ポルカが助走をつけ、フブキへと切りかかる。フブキは手に持った日本刀でポルカの剣を受け止めるが、若干押され気味になる。
「いたい…………」
肋骨の部位を抑えながら、フブキは刀で何とか押し返す。ポルカは剣を回し、余裕をかましている。
「はっは! 大丈夫ぅ!?」
「あんたの……せいやろがい」
フブキの足は震え、体のあちこちから血を垂らしている。それとは対称的に、ポルカは掠り傷程度しかダメージはない。絶望的だろう。しかし、フブキの目はまだ諦めていない。
「もう終わりにしようか!」
ポルカはそう叫ぶと、羊毛でポルカ自身を作り出し、それに魂を吹き込んだ。
「やっつけるのら!」
ポルカ人形らは一斉にフブキを囲み、ドーム状になりフブキに攻撃する。「勝った」、そうポルカが呟いた瞬間だった。人形は全て切り裂かれ、ドームの中からフブキが飛び出してきた。その手には、美しい刀身から禍々しいオーラを放っている日本刀が握られていた。
「完全復活っ!」
先程までの瀕死具合からは想像がつかないぐらい、フブキは元気に叫ぶ。
「ほう? その刀、正宗?」
「そ、魂を吸う妖刀、正宗。
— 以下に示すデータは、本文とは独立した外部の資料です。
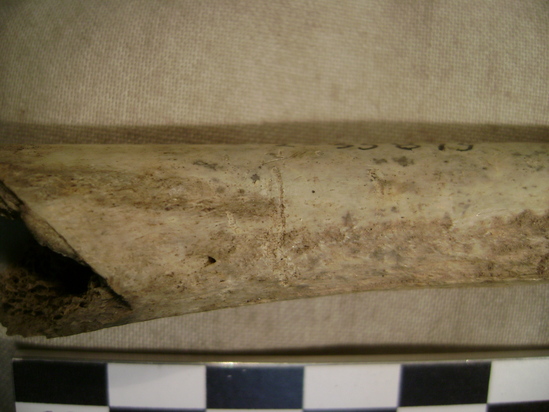 Hearst Museum object 11 of 11 titled Mammal bone, accession number 2-35875, described as Canis lupis ? Femoral diaphysis.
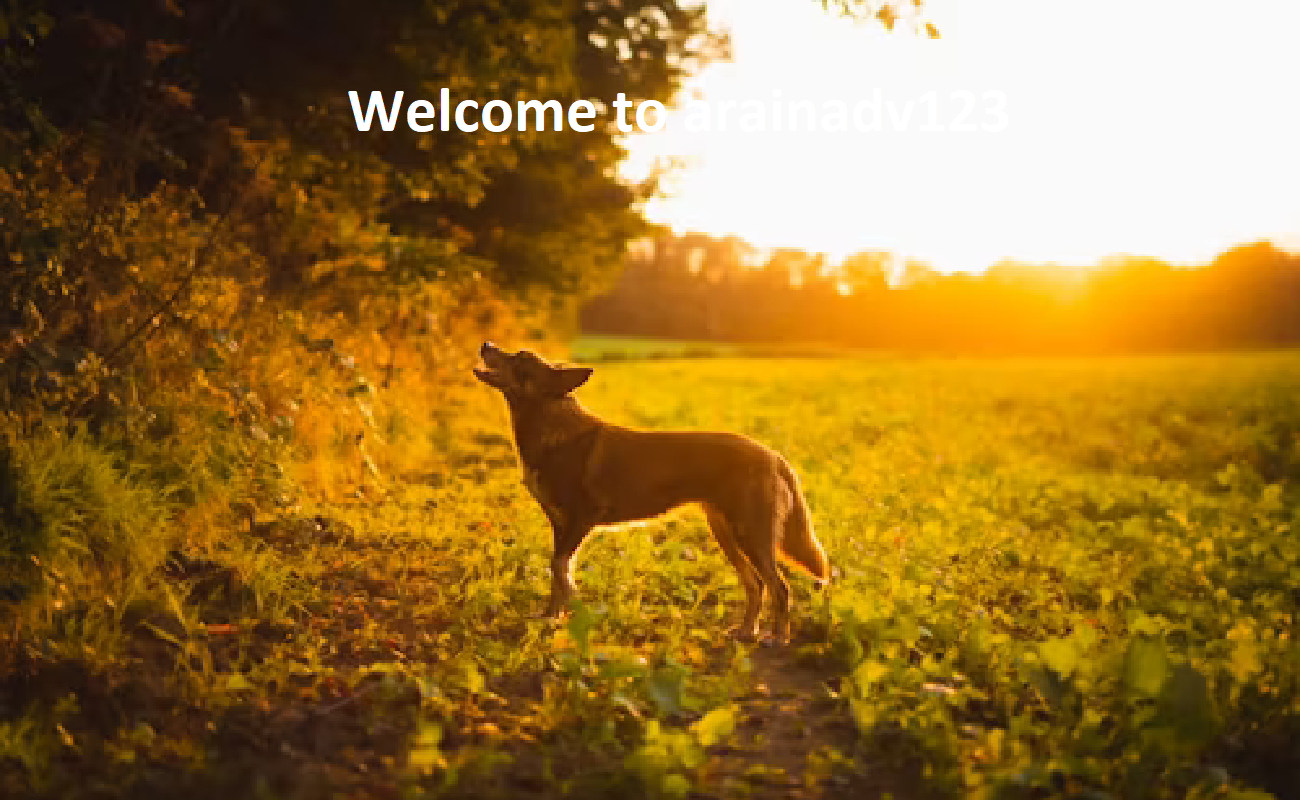 Jefter Wills Parrot Farm Jefter Wills Parrot Farm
」
「正宗にそんな機能あったか?」
「ね、不思議だね」
この間も、ポルカはナイフなどの羊毛で作ったものをフブキに向かわせ続けたが全て切られて終わる。
「なら、直接行くしかねえよなぁ!?」
ポルカは新たな剣を作り、二刀流でフブキに迫る。勿論フブキはそれに対応する。しかも今度は力を入れられる。「なんで……急に回復したんだ!」
「なんで? 代わりを入れたから!」
フブキは答えながら、指の先に小さな刀を現し、ポルカに切りかかる。油断していたポルカはそれに刺されるが、小さいためかダメージが少ない。
「やっと入った……」
「ヤバイヤバイヤバイヤバイ! このままじゃ負けちまう!」
焦りからか、ポルカは羊毛を正確に出すことができなくなっていた。その隙をつき、フブキはポルカの懐に潜り込み、横腹を突き刺し、そのままお腹がわに流す。切れ味がとてもよいため、刃はすんなりと進んだ。
「あっ…………」
ポルカが気が付いたときには時既に遅し。腹を真っ二つに切られた。
「これで、私の勝ち」
ポルカは膝から崩れ落ちる。
「あぁ…………負けちった……悔しいなぁ!」
ポルカはそのまま倒れこむ。その瞬間、携帯の通知が鳴り、4人の死亡通知が届いた。
「はぁ……はぁ……」
終わった後、フブキの体には大量の疲れと肋骨の部の痛みが全て積まれた。
というわけでフブキの勝利です。